■ **Exercise requirements**:
In this exercise, the entries below include pictures. Repeat exactly the lines from the line with "Shokz OpenRun Pro ピンク Shokz OpenRun PRO Pink" to the line with "74 Combridge Drive, Beremboke", including both, but without the pictures.

■ **Data under study**:
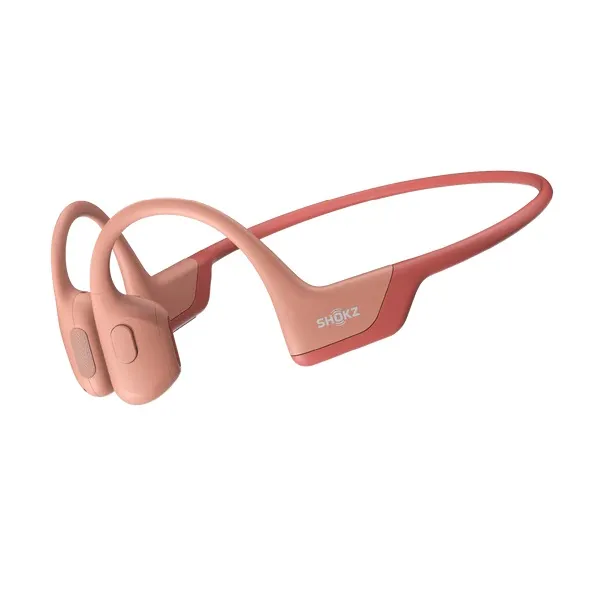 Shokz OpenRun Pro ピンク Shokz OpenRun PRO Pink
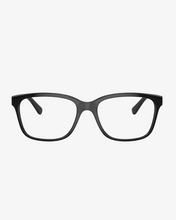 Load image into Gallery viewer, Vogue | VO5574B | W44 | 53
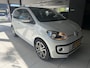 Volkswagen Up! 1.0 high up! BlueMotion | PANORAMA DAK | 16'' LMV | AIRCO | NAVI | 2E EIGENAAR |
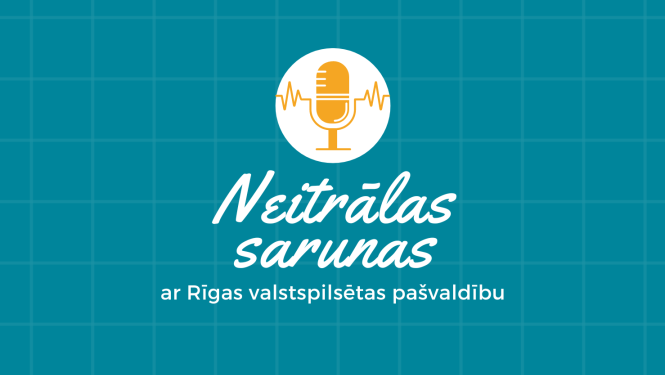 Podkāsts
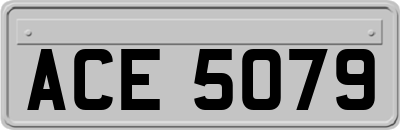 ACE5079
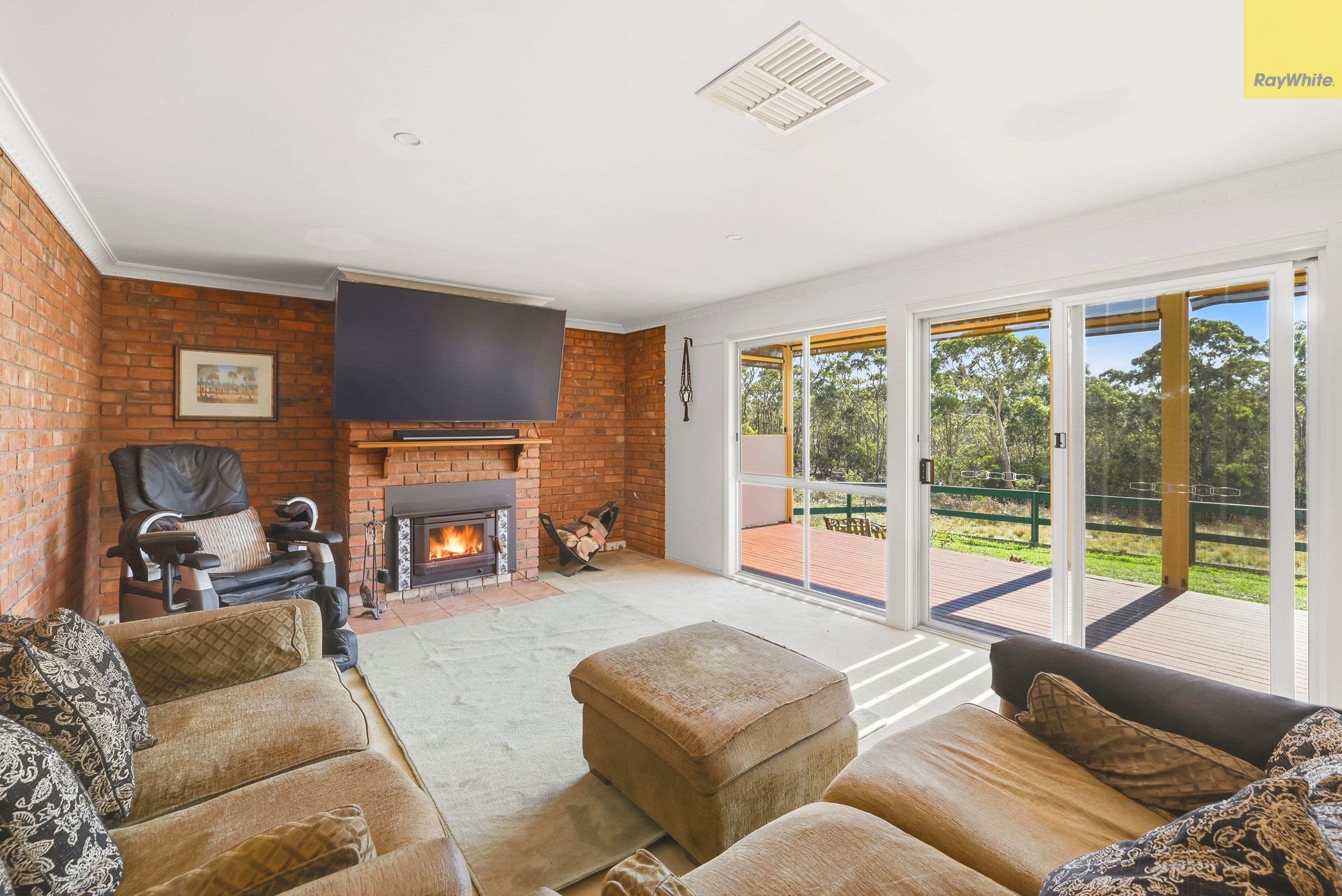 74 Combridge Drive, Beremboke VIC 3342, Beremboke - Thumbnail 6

---

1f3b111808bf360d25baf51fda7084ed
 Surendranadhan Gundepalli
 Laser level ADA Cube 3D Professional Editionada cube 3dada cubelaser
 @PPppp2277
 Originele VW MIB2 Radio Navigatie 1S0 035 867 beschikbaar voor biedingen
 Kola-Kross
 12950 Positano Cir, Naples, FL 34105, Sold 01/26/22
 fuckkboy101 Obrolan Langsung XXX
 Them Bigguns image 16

---

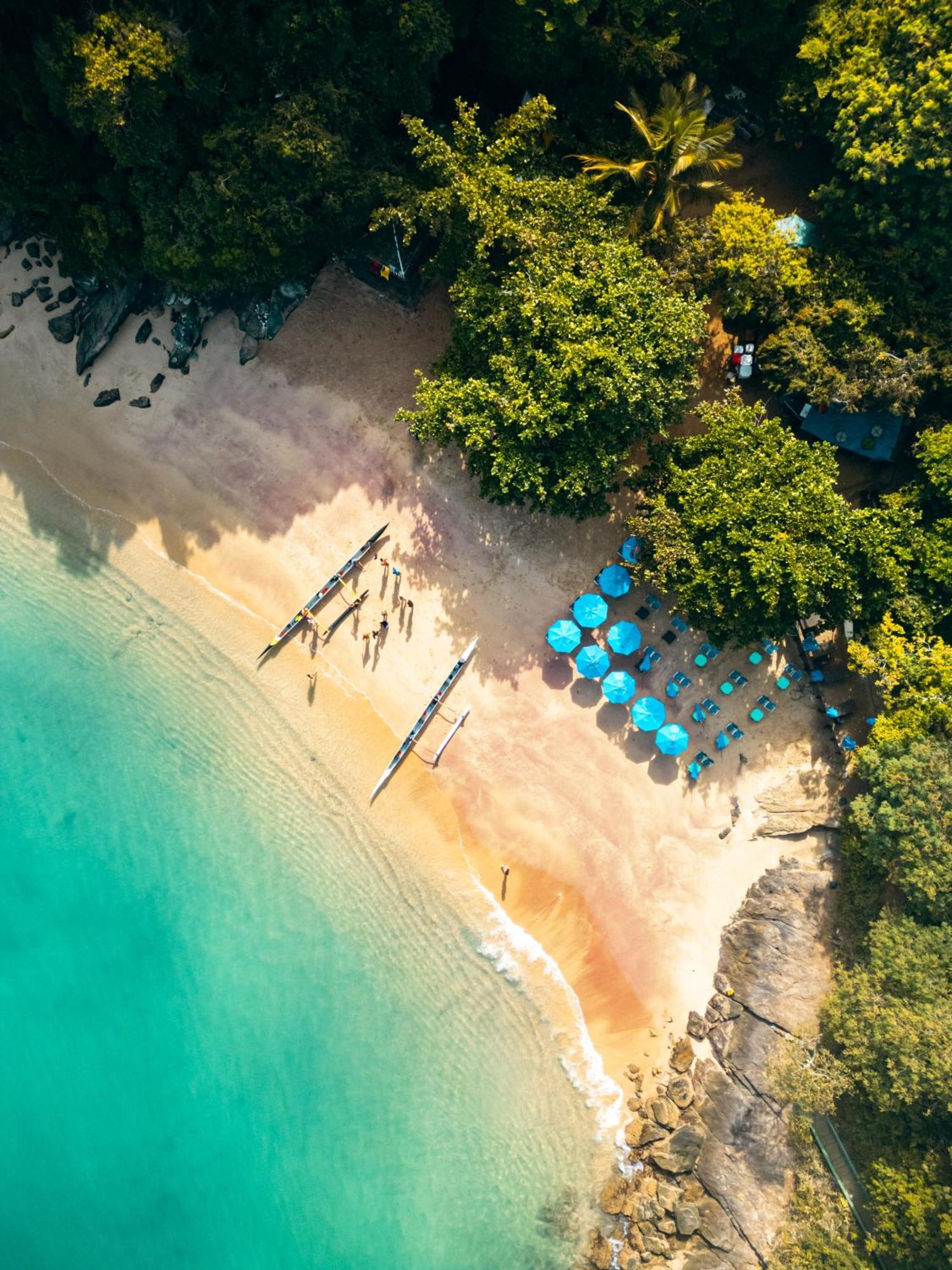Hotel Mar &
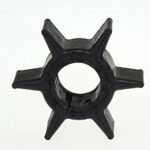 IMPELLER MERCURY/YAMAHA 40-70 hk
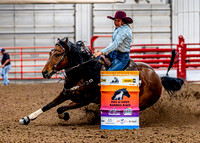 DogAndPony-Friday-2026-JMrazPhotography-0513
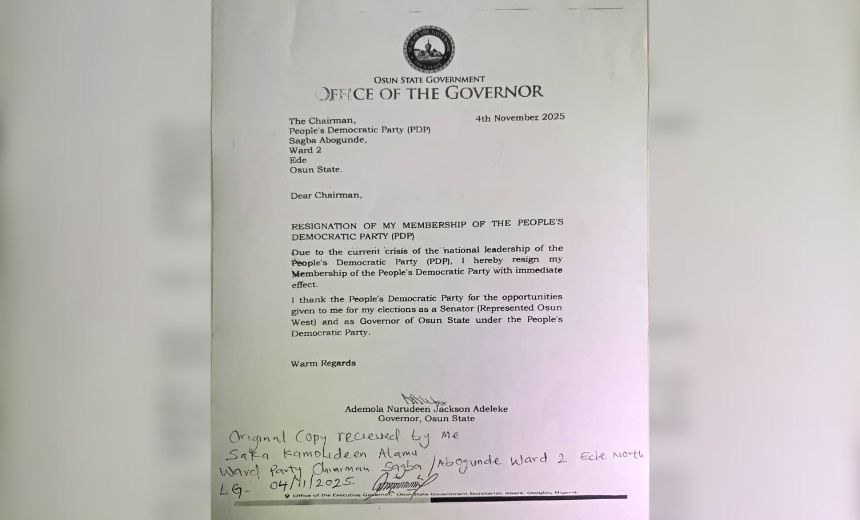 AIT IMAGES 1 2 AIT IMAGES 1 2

■ **Written reply**:
 Shokz OpenRun Pro ピンク Shokz OpenRun PRO Pink
 Load image into Gallery viewer, Vogue | VO5574B | W44 | 53
 Volkswagen Up! 1.0 high up! BlueMotion | PANORAMA DAK | 16'' LMV | AIRCO | NAVI | 2E EIGENAAR |
 Podkāsts
 ACE5079
 74 Combridge Drive, Beremboke VIC 3342, Beremboke - Thumbnail 6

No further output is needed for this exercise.